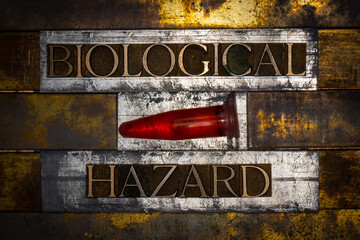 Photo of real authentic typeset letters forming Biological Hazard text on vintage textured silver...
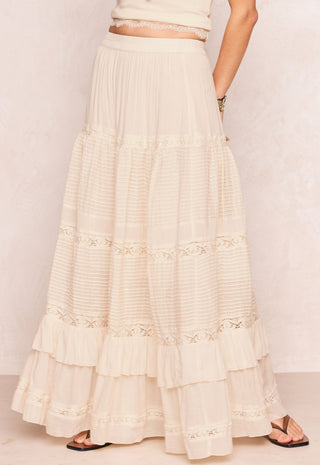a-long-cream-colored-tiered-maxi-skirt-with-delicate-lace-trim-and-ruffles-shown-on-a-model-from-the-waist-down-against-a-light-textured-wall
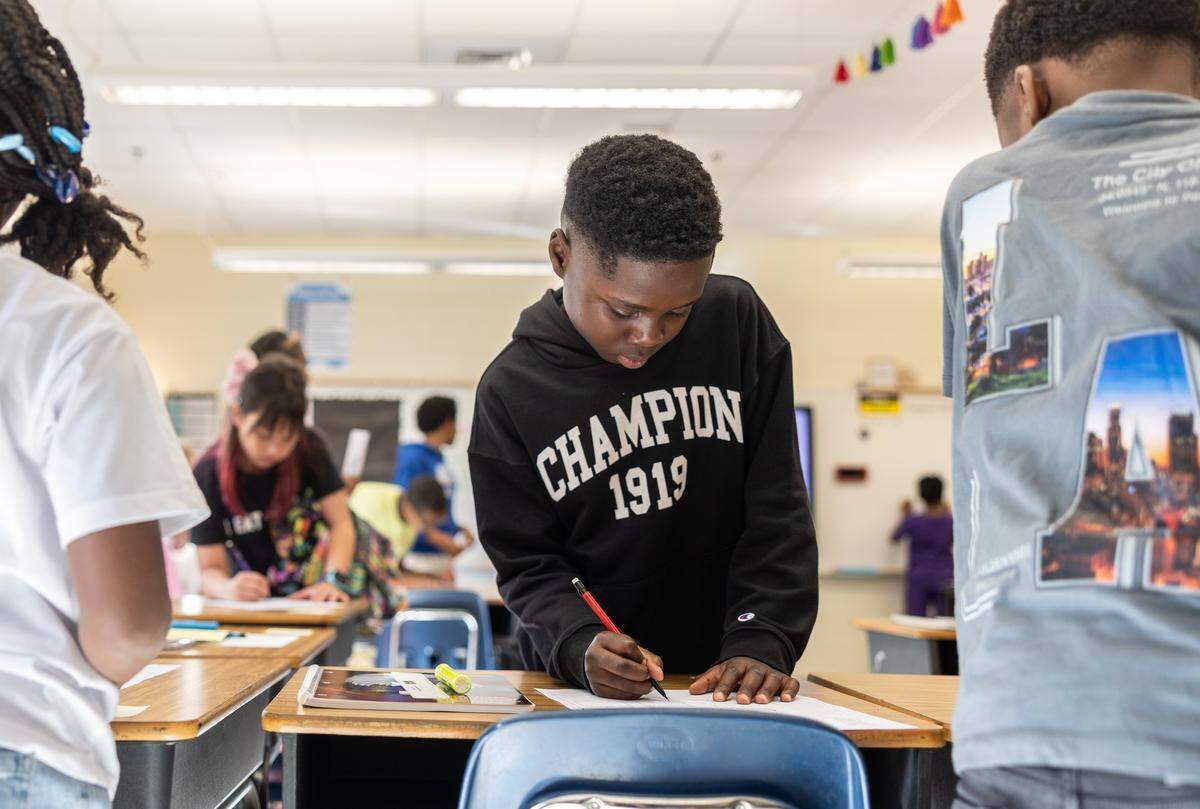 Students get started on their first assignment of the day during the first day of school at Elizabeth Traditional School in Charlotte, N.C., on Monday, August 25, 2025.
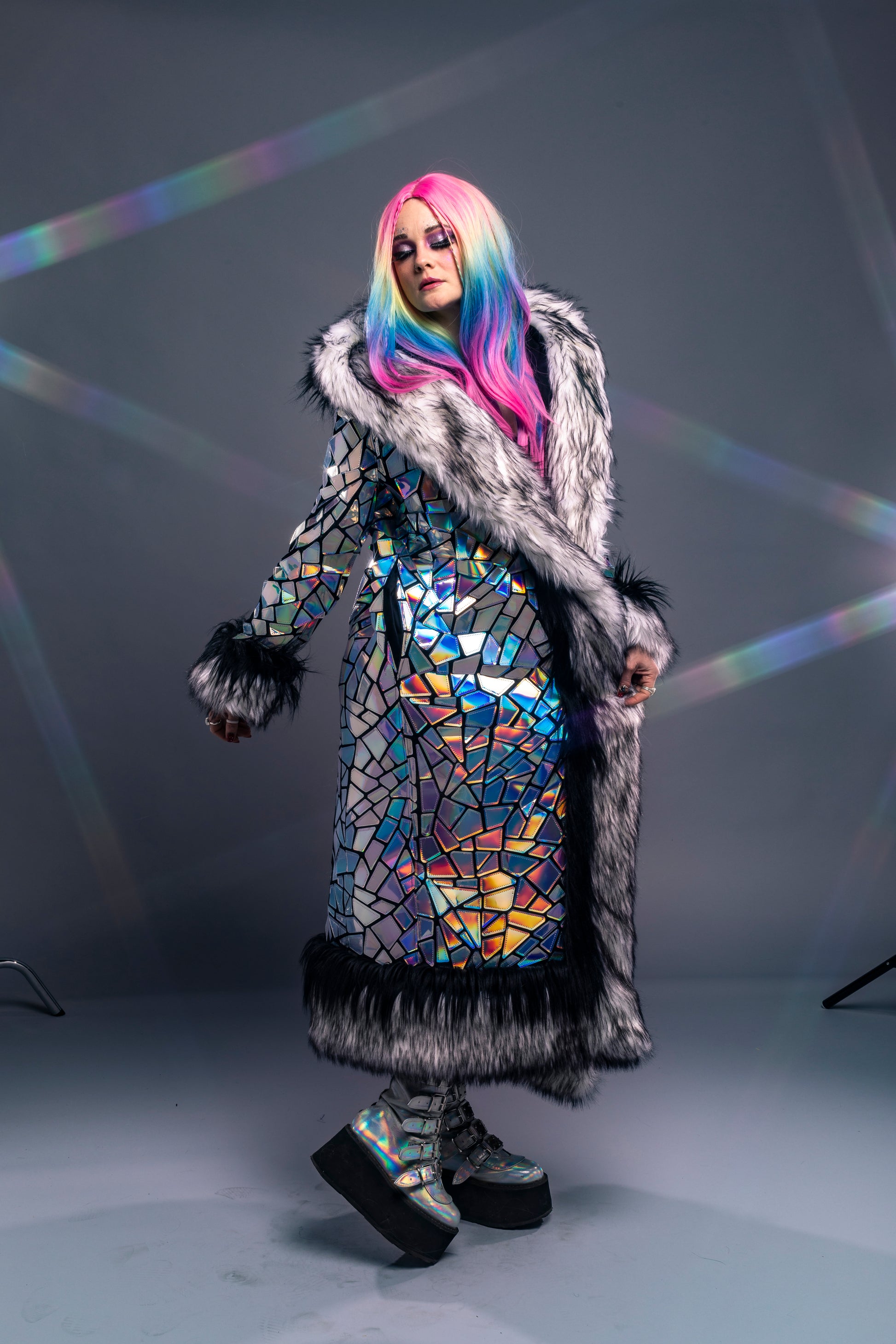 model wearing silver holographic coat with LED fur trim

========

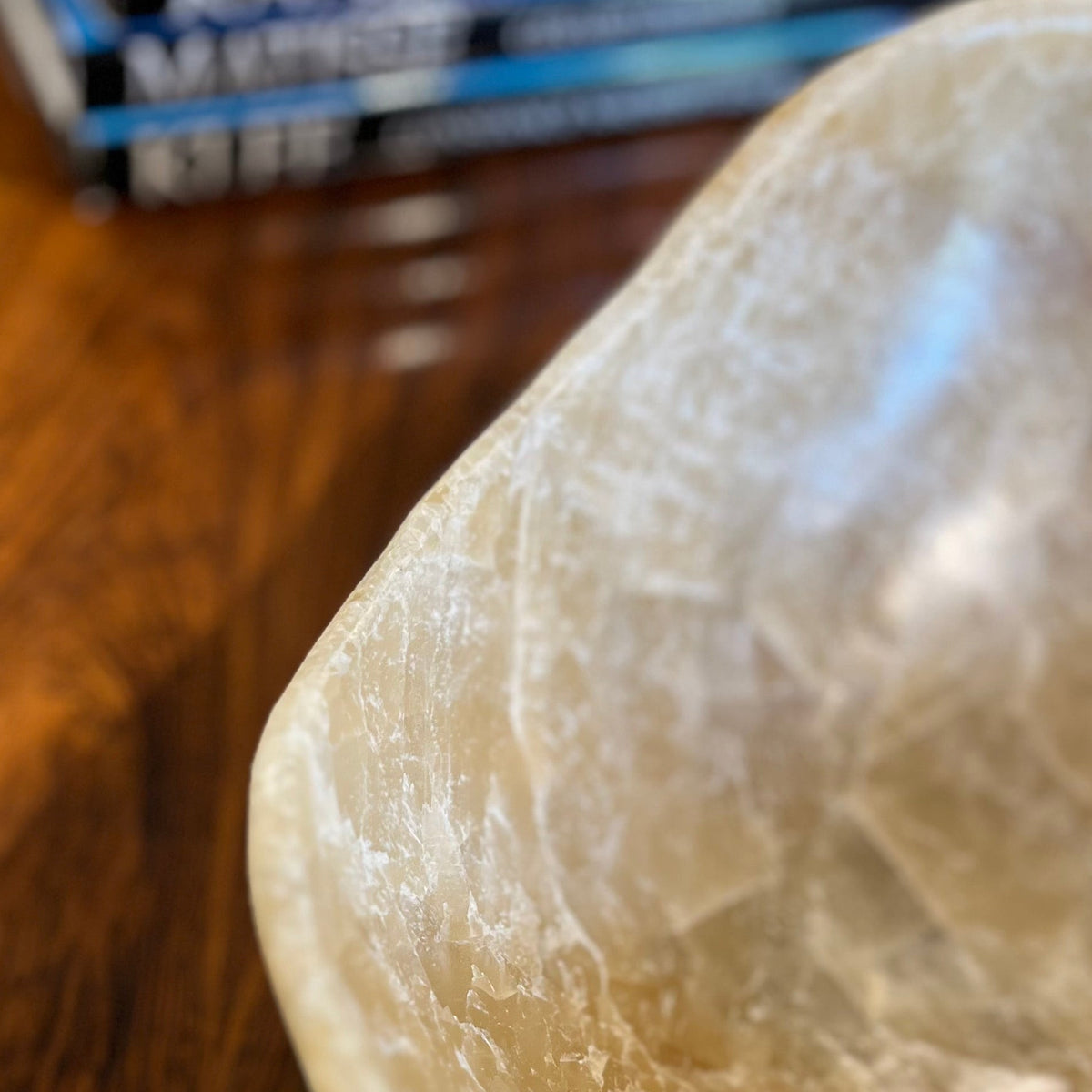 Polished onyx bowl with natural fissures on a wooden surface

========

Your goal - Among the entries above, take the lines from the one with "Photo of real" through the one with "model wearing silver" and retype them exactly, leaving out the pictures.

Task solution -
 Photo of real authentic typeset letters forming Biological Hazard text on vintage textured silver...
a-long-cream-colored-tiered-maxi-skirt-with-delicate-lace-trim-and-ruffles-shown-on-a-model-from-the-waist-down-against-a-light-textured-wall
 Students get started on their first assignment of the day during the first day of school at Elizabeth Traditional School in Charlotte, N.C., on Monday, August 25, 2025.
 model wearing silver holographic coat with LED fur trim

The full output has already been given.